An exact copy of the listing is required, with its pictures removed.
Data provided section start
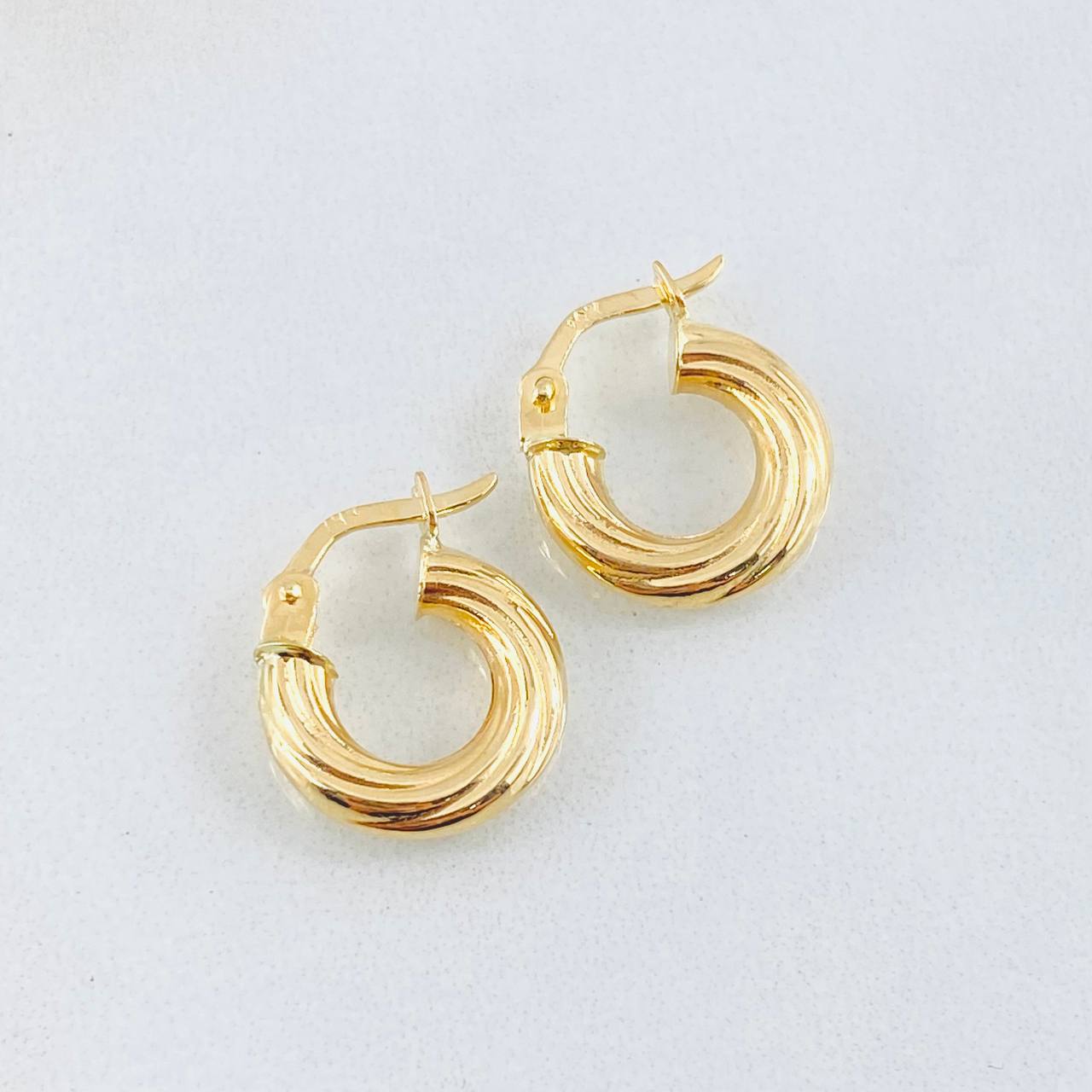 Candongas Lore 1.35gr / 1.5cm / Oro Amarillo 18K *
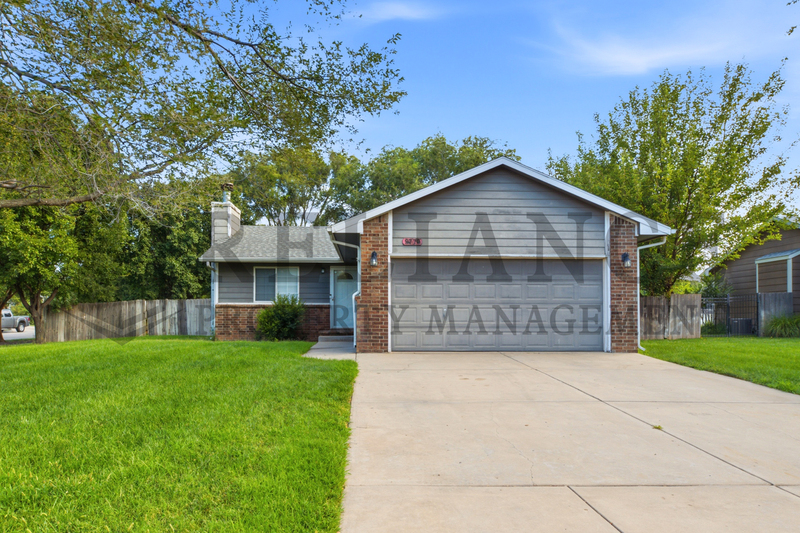 Wichita House: 2770 North Parkridge Court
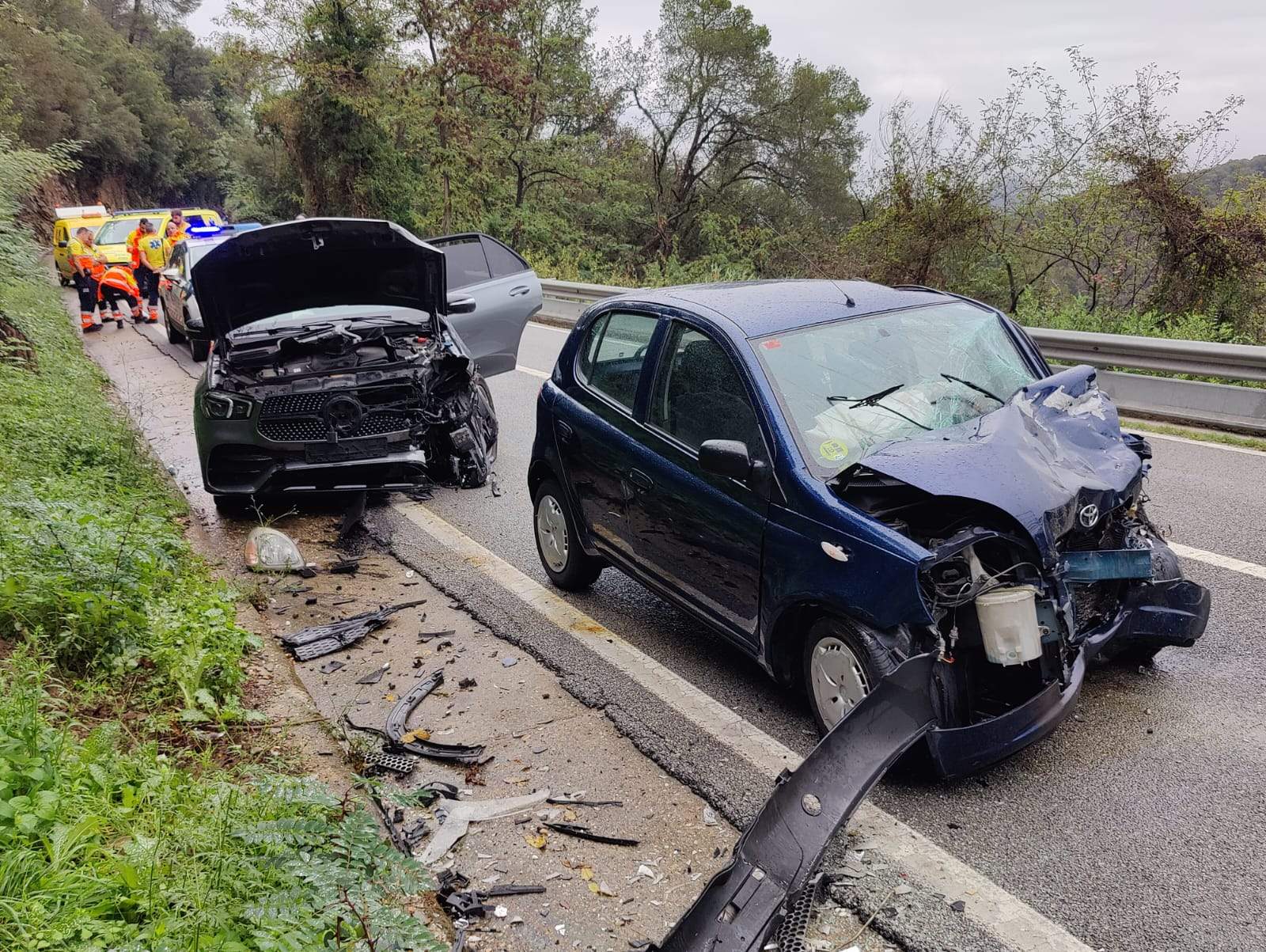Un accident frontal a la carretera de l'Arrabassada. FOTO: Bernat Millet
Data provided section end
Final answer
 Candongas Lore 1.35gr / 1.5cm / Oro Amarillo 18K *
 Wichita House: 2770 North Parkridge Court
Un accident frontal a la carretera de l'Arrabassada. FOTO: Bernat Millet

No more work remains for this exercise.